Medical Tourism

After getting a U.S. estimate for a new hip at over $78,000,

Michael Shopenn…chose to have his hip replaced in 2007 at a private hospital outside Brussels for $13,660. That price included not only a hip joint, made by Warsaw-based Zimmer Holdings, but also all doctors’ fees, operating room charges, crutches, medicine, a hospital room for five days, a week in rehab and a round-trip ticket from America.

But the amenities are not great:

 NewYork-Presbyterian Hospital…had “comfortable waiting rooms, an elegant lobby and newsstands,” Mr. Shopenn remembered.

But in Belgium, he said, “I was immediately scared because at first I thought, this is really old. The chairs in the waiting rooms were metal, the walls were painted a pale green, there was no gift shop. But then I realized everything was new. It was just functional. There wasn’t much of a nod to comfort because they were there to provide health care.”

Source: NYT.

Comments (11)

Trackback URL | Comments RSS Feed

  1. Afton says:

    “There wasn’t much of a nod to comfort because they were there to provide health care”

    Makes sense

    • Calvin says:

      That is what they are there to do. Most countries don’t care about comfort as much as america does.

  2. August says:

    “So why are implant list prices so high, and rising by more than 5 percent a year? In the United States, nearly all hip and knee implants — sterilized pieces of tooled metal, plastic or ceramics — are made by five companies, which some economists describe as a cartel.”

    The hip replacement cartel.

    • Cabaret says:

      Look how deeply they have sunk their hooks in:

      “Though the five companies make similar models, each cultivates intense brand loyalty through financial ties to surgeons and the use of a different tool kit and operating system for the installation of its products; orthopedists typically stay with the system they learned on”

  3. Wallace says:

    3rd party payment has definitely inflated the prices

  4. Devon Herrick says:

    The price of hip replacements can vary from $12,000 to $120,000. Hospital list prices don’t mean much. But the actual price insurers and employers pay can vary by anywhere from $20,000 to $80,000. Medicare likely pays less than $20,000 for most hip replacements. Why policy makers, insurers and employers tolerate this much variation is hard to fathom. For health economists, the solution is simple — expose patients to more cost-sharing. But many policy makers oppose this idea.

  5. Milton says:

    In 2008, this became an issue for Americans using medical tourism to go to India to get medical work done. It is probably more safe to go to Brussels than India, because they have better enforced health-code regulations etc.

  6. John R. Graham says:

    Although a fine report, the reporter missed the forest for the trees (as usual). Car companies, phone companies, and Proctor & Gamble all roll out new models every year, which they assert are “new and improved”. And yet prices for those goods and services come down.

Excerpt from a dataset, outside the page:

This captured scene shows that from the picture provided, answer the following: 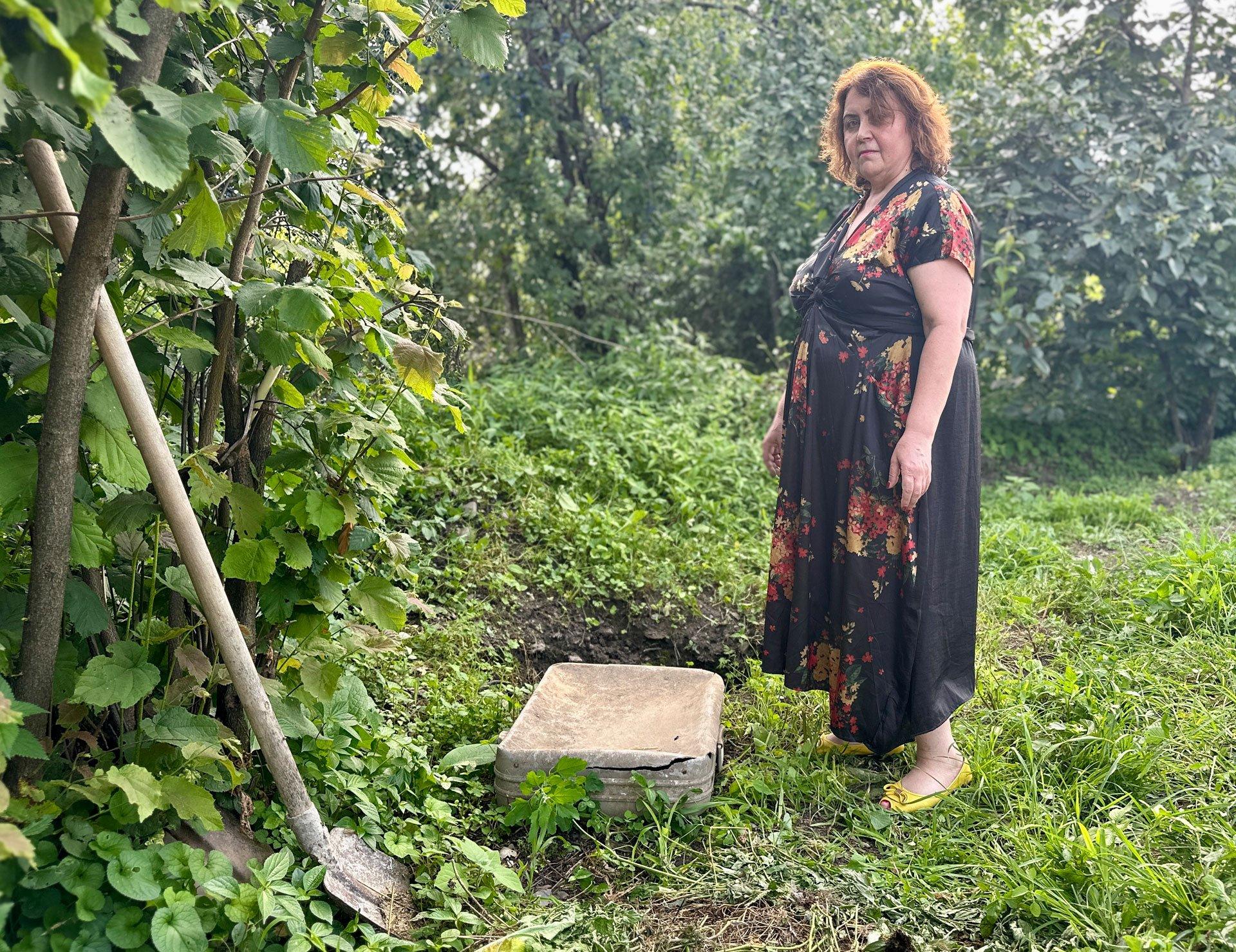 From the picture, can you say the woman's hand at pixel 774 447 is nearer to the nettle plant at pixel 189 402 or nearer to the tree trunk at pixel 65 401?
the nettle plant at pixel 189 402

    The rolling out of new models of medical devices is not the problem. As noted above, it is the predominance of third-party payment where it is not necessary.

    Also, I wonder if the Belgian patients get the same treatment as the American patient? Or, as dependents on national health insurance, are they less useful to the Belgian hospitals than foreign patients?

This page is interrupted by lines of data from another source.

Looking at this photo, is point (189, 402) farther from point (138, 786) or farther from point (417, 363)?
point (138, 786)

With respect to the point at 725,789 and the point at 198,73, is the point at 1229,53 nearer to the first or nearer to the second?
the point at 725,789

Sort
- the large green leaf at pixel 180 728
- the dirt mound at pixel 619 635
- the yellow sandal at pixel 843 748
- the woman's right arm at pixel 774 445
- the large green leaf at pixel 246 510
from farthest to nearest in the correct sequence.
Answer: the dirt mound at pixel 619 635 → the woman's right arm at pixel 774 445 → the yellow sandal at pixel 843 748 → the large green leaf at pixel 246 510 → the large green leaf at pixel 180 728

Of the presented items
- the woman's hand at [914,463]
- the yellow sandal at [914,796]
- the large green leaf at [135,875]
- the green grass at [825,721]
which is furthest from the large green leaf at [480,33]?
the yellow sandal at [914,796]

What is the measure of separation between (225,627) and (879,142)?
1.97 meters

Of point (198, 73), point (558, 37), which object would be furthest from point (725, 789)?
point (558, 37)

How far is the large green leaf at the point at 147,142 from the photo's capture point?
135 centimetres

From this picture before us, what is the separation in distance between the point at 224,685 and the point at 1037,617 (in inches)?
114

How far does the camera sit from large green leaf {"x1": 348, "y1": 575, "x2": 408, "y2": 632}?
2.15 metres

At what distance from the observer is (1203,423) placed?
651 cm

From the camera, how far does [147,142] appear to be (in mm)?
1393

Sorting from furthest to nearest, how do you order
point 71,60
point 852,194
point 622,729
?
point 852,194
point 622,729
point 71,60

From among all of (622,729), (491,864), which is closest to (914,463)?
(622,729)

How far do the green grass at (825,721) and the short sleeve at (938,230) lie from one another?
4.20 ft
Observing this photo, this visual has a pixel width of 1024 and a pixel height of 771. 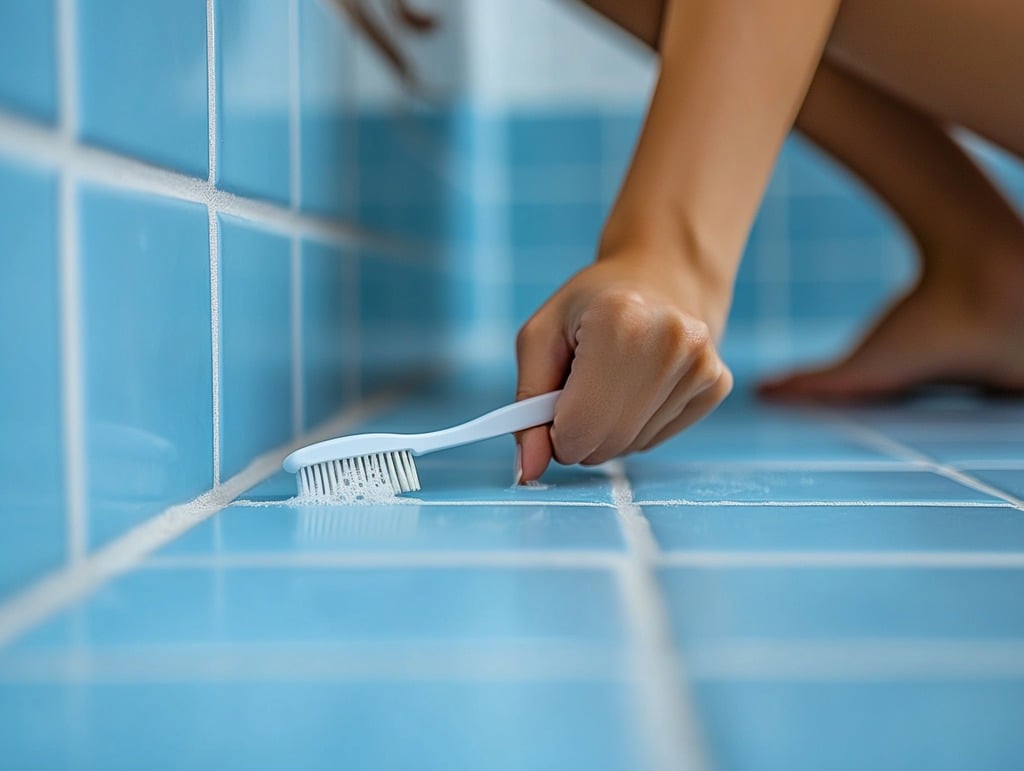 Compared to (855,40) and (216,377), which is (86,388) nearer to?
(216,377)

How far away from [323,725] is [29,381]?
0.14 metres

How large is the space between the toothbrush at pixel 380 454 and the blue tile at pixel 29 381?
0.46 feet

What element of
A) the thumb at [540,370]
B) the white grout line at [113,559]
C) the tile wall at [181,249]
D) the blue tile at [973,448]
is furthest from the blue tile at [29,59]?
the blue tile at [973,448]

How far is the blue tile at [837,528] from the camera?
402 mm

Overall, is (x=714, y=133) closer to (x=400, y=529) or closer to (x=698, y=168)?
(x=698, y=168)

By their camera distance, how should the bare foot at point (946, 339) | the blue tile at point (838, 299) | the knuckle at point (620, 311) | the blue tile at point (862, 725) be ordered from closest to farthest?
the blue tile at point (862, 725), the knuckle at point (620, 311), the bare foot at point (946, 339), the blue tile at point (838, 299)

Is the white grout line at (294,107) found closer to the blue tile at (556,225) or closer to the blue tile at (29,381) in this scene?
the blue tile at (29,381)

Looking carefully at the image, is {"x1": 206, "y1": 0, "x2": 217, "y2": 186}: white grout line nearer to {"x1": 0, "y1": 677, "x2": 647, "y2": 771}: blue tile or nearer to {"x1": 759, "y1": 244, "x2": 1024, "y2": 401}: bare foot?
{"x1": 0, "y1": 677, "x2": 647, "y2": 771}: blue tile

    What is interesting about health care is that democratic governments hold their own citizens captive to a national system, while the same citizens can take advantage of free choice if they cross their own border.

    I’ve hard anecdotes (from Canadian doctors) that American patients in Canadian hospitals get better care than Canadians, because U.S. insurers pay more than the provincial health plans.

    Maybe we need a study of cross-border medical tourism within the developed democracies, to measure this phenomenon.